### EXERCISE DATA
□ □ □ □ □

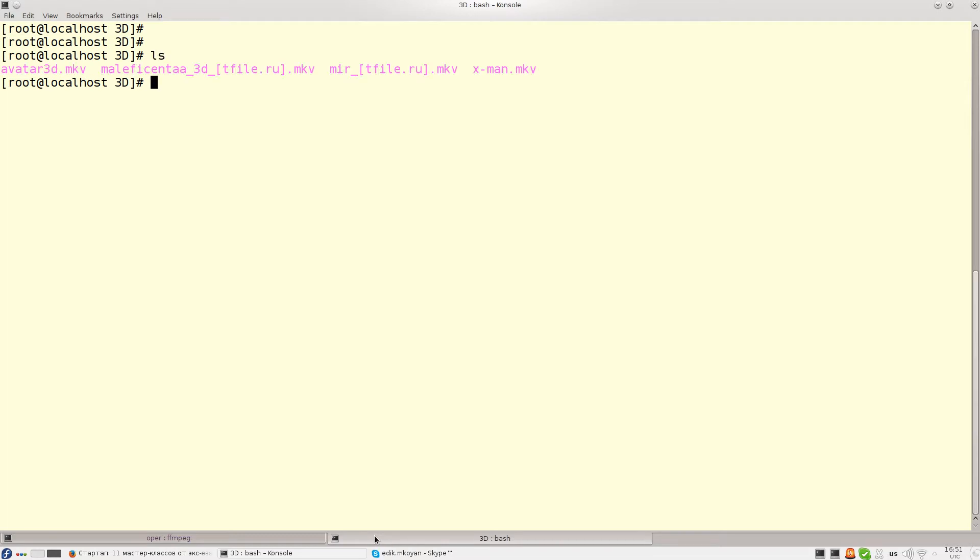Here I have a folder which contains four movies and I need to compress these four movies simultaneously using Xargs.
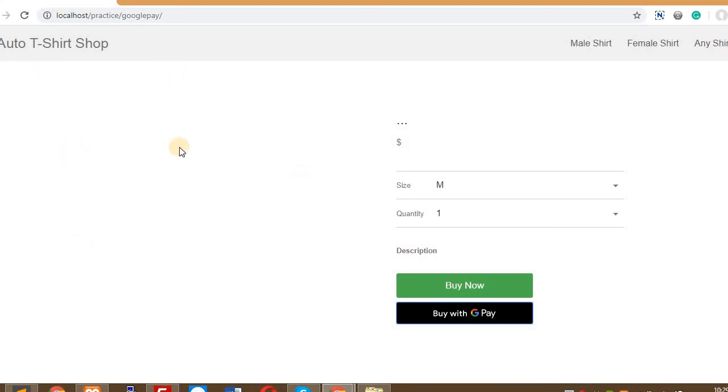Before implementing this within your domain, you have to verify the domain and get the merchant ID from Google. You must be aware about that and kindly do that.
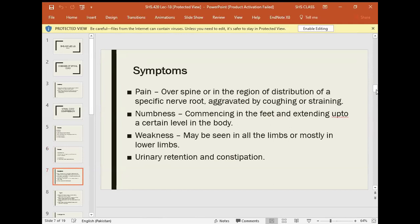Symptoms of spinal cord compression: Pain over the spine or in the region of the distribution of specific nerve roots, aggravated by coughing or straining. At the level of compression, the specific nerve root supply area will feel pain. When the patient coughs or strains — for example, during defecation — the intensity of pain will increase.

□ □ □ □ □

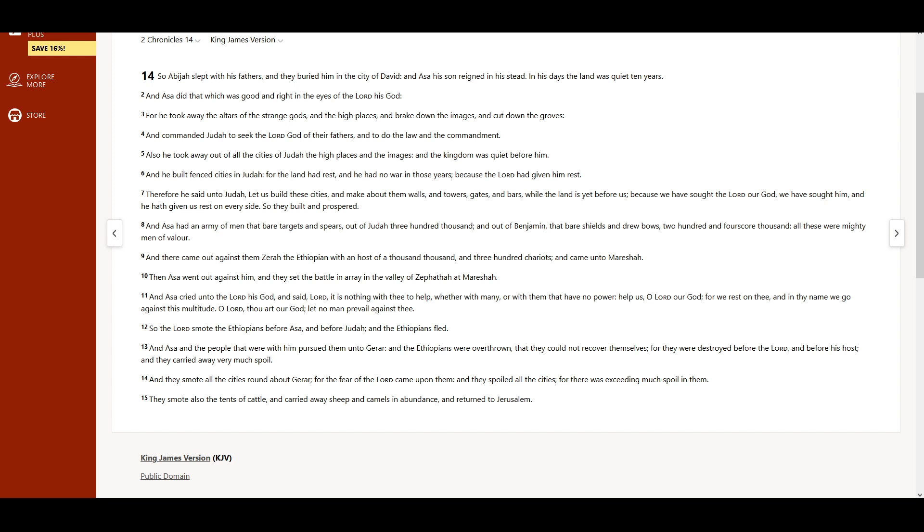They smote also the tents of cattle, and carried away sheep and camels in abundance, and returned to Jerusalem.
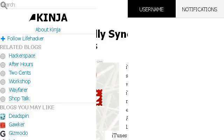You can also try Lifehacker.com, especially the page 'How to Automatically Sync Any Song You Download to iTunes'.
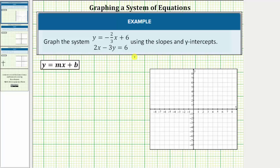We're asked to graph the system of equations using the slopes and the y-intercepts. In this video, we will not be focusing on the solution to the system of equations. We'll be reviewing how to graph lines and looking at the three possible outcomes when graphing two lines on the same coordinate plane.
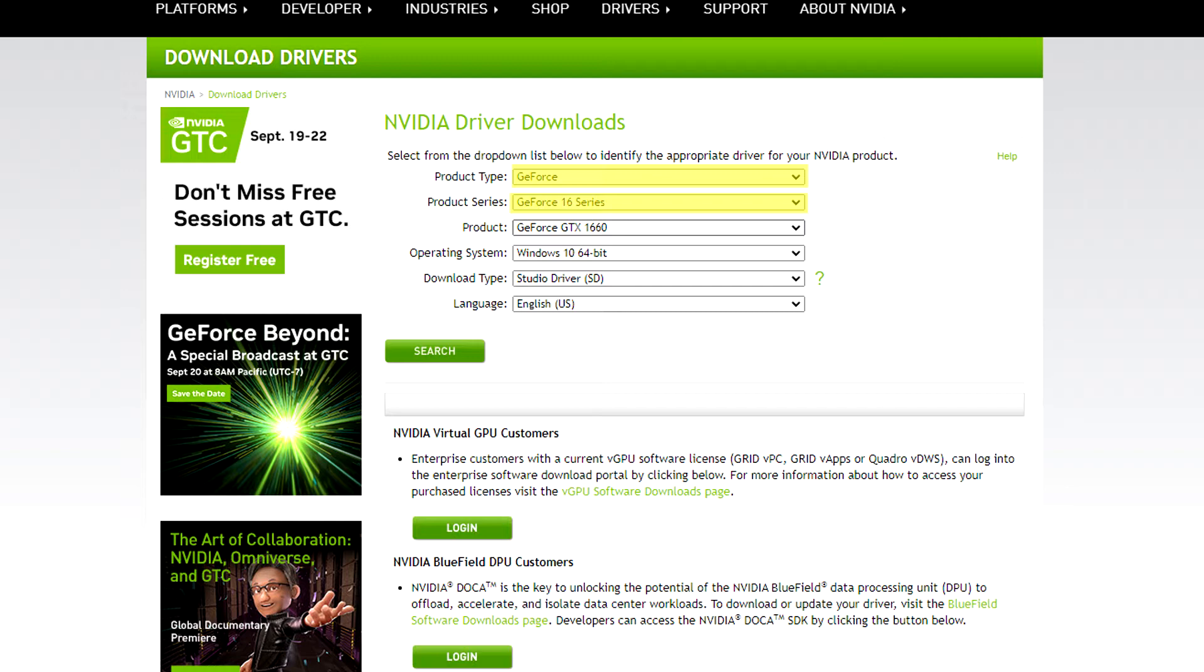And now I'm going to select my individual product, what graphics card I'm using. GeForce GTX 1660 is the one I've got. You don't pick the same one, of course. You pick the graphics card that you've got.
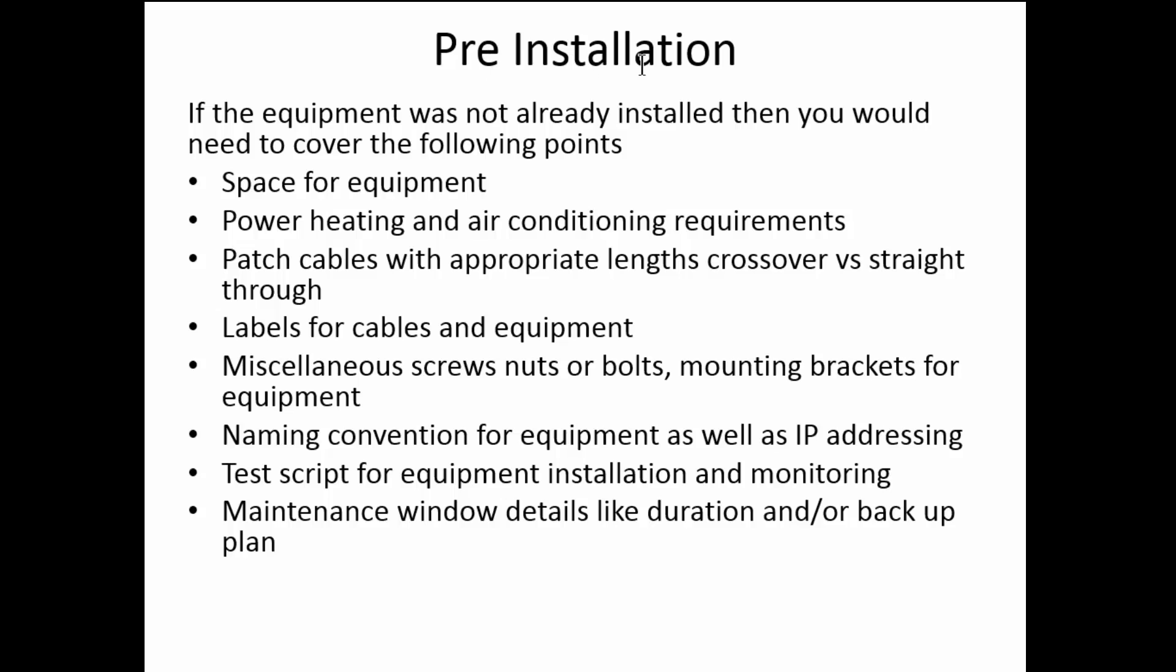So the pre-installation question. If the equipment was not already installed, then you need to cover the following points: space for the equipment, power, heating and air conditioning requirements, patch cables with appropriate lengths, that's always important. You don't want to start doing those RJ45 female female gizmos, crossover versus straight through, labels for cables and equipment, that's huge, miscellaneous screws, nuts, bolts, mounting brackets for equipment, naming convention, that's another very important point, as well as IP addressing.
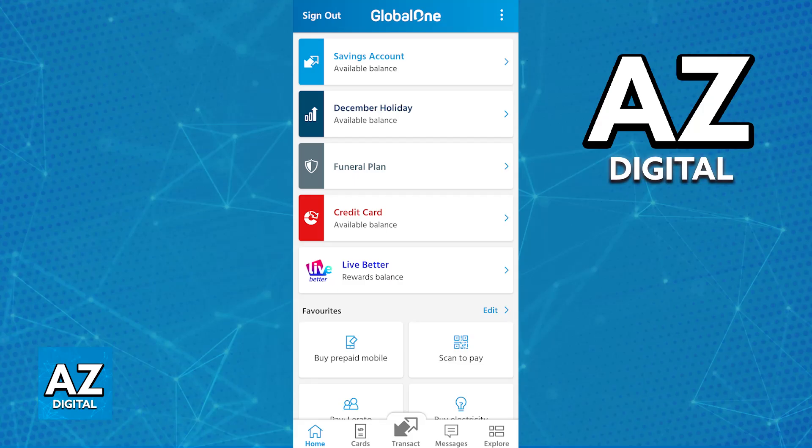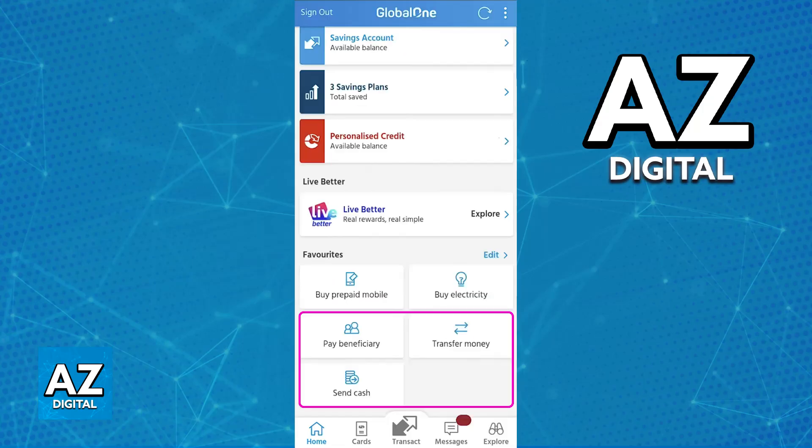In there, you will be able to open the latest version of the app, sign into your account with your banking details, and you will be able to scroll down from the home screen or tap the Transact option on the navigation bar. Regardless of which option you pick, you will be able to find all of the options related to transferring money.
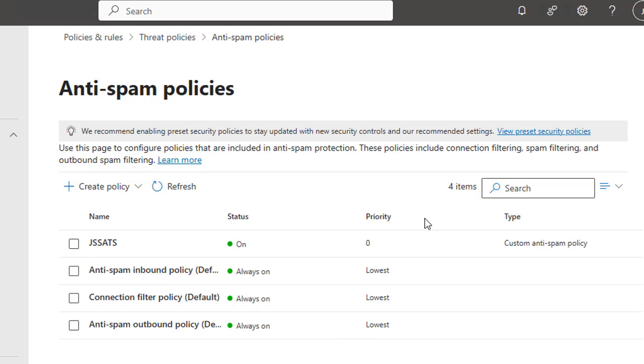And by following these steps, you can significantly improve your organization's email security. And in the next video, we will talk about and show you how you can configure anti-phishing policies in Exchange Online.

□ □ □ □ □

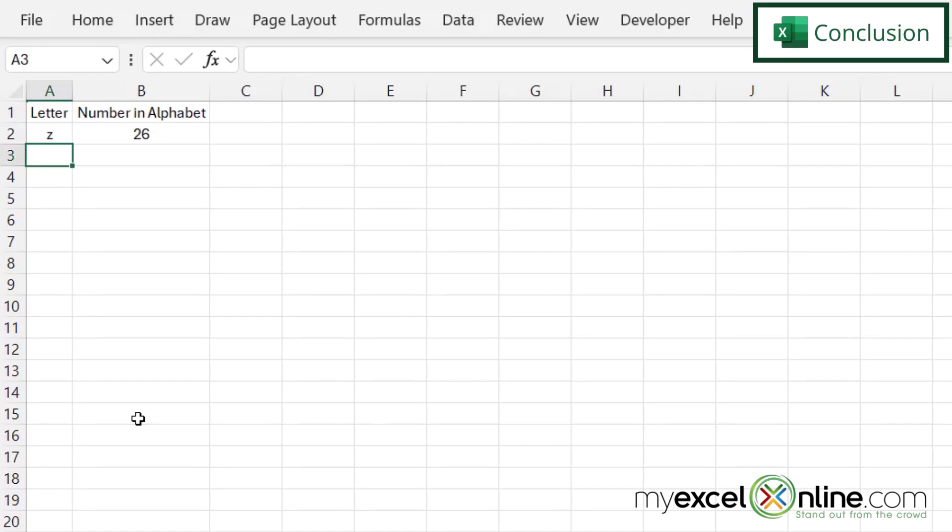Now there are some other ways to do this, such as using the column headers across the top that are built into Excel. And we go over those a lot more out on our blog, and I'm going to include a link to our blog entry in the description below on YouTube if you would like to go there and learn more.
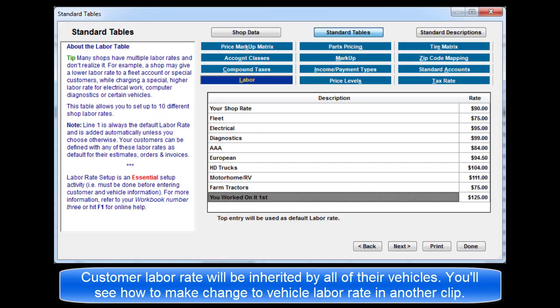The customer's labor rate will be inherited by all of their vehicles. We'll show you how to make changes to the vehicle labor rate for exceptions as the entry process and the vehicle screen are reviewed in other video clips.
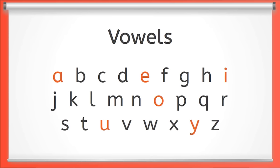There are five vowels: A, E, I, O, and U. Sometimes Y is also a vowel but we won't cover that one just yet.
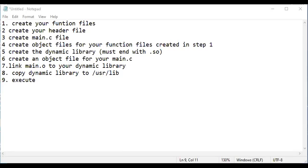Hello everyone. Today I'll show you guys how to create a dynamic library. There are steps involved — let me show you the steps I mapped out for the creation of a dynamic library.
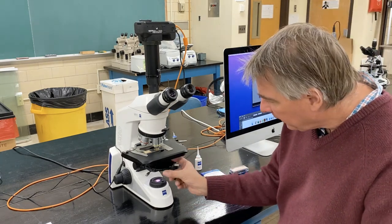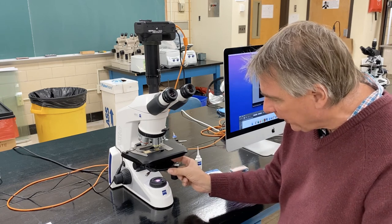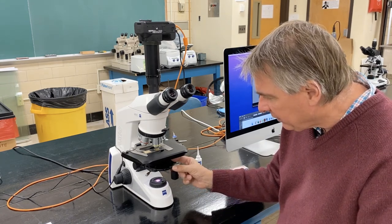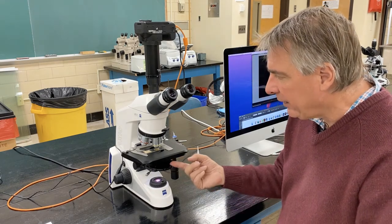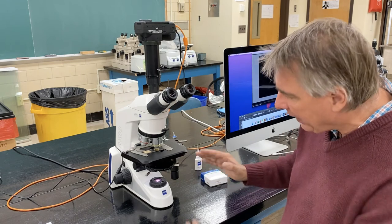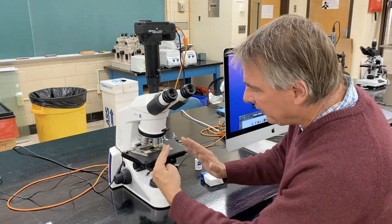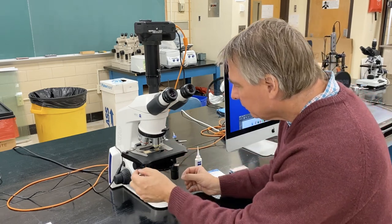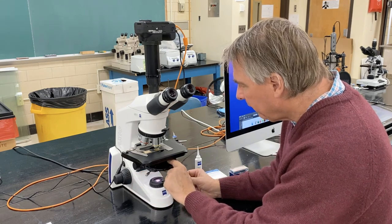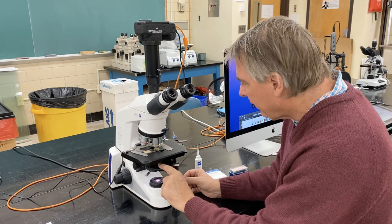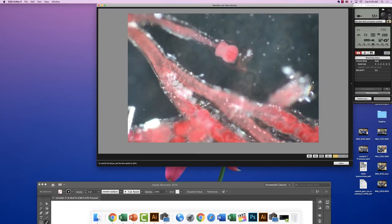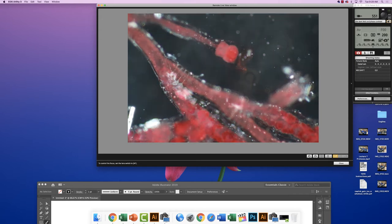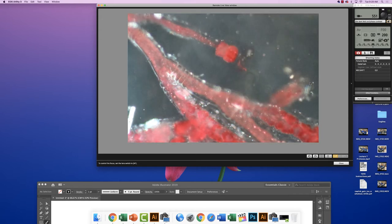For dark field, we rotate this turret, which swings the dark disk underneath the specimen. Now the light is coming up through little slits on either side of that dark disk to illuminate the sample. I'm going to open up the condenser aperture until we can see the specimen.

□ □ □ □ □

### TASK DIRECTIONS
In the listing above, find the line containing "Hello everyone. Today" and the line containing "For dark field, we", then output those two lines and everything between them exactly as written, without the images.

### RESPONSE TO THE TASK
Hello everyone. Today I'll show you guys how to create a dynamic library. There are steps involved — let me show you the steps I mapped out for the creation of a dynamic library.
For dark field, we rotate this turret, which swings the dark disk underneath the specimen. Now the light is coming up through little slits on either side of that dark disk to illuminate the sample. I'm going to open up the condenser aperture until we can see the specimen.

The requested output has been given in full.